Silhouette of two women talking in sun
Photo by Evelyn Verdin on Unsplash

Beneath my annoyance, there was something else. Your eyes looked tired and weary. You seemed down, further down than I’d seen you before. It seemed like something in you was begging – begging for me to stay, or maybe begging for something else, something you couldn’t quite put into words.

I almost asked if you needed something. I almost looked you in the eye and said “Robin, you look like you’re in a bad place.” I almost reached out hugged you.

But I didn’t. The space between us seemed too wide to reach my arms across. The words seemed too awkward to say. The silence in that cold, crisp evening seemed less awkward than the honest words that could have cut through it.

So I left you alone, in that cold, crisp silence.

When I got to the park down the street from your house, I caught a glimpse of the big dipper. The sky was a beautiful, deep winter blue. I thought of you again, and this time I reached out, but with my fingers instead of my arms. A vague text message was an easier, abbreviated form of the truth.

Big dipper in the night sky
Photo by Jensine Odom on Unsplash

“Hey, Robin. Just wanted to say I’m excited to have dinner with you next week. And I hope you’re doing okay. The big dipper is out and it’s beautiful!” Smiley face.

An emoticon is an easy half-substitute for looking you in the eyes and smiling. Or looking you in the eyes and showing you that I could see your sadness. I sent you an emoji because it seemed easier than emoting how I actually felt, to you, in person, our eyes meeting that night.

You replied to my text message before I got to the other side of the park: “Don’t worry about me, I’m under the weight of my own shit right now. You’re one of the good ones.”

I put my phone back in my pocket and kept walking. I was half-satisfied with your response. And half satisfied was enough for me to forget that I was worried. I went to my friend’s house. We ate ice cream and watched The Voice.

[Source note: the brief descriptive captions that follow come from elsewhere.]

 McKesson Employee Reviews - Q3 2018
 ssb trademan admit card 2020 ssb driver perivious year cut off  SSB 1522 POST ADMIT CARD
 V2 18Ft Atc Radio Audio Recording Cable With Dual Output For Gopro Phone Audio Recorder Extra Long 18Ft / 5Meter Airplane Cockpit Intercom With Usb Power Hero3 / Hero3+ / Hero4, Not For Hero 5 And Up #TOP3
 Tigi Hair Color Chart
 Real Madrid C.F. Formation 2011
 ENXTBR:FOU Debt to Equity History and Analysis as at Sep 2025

Photo by Faruk Tokluoglu on Unsplash

I’d just moved my things into your house the day before. When I had a four-week gap between my work contract and my lease, I thought it was so kind of you to offer for me to stay to fill the gap. I was excited about it, even.

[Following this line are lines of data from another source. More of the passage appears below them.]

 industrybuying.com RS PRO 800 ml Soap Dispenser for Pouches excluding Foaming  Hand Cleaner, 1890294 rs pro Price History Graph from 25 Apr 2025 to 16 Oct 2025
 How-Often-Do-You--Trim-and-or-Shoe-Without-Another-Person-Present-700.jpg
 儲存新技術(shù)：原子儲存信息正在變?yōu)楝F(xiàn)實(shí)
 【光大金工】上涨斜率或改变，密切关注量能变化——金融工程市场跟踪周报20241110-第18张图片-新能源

I spent Sunday morning scrubbing the oven. I took a load of stuff to the charity shop. I didn’t hear from you, but I wasn’t thinking about it. I was busy clearing food out of the fridge and cleaning the bathtub. I’d see you Monday evening.

In the weeks and months to come, when I was angry with you, I thought it wasn’t kindness that made you offer me to stay. When I was angry with you, I felt like your offer for me to stay was a knife stabbed into my heart and then twisted.

I had no idea your text would be the last thing you ever said to me. I had no idea those few words, “Don’t worry, I’m under the weight of my own shit,” would be burned into my mind as they started to take on new and complicated meanings.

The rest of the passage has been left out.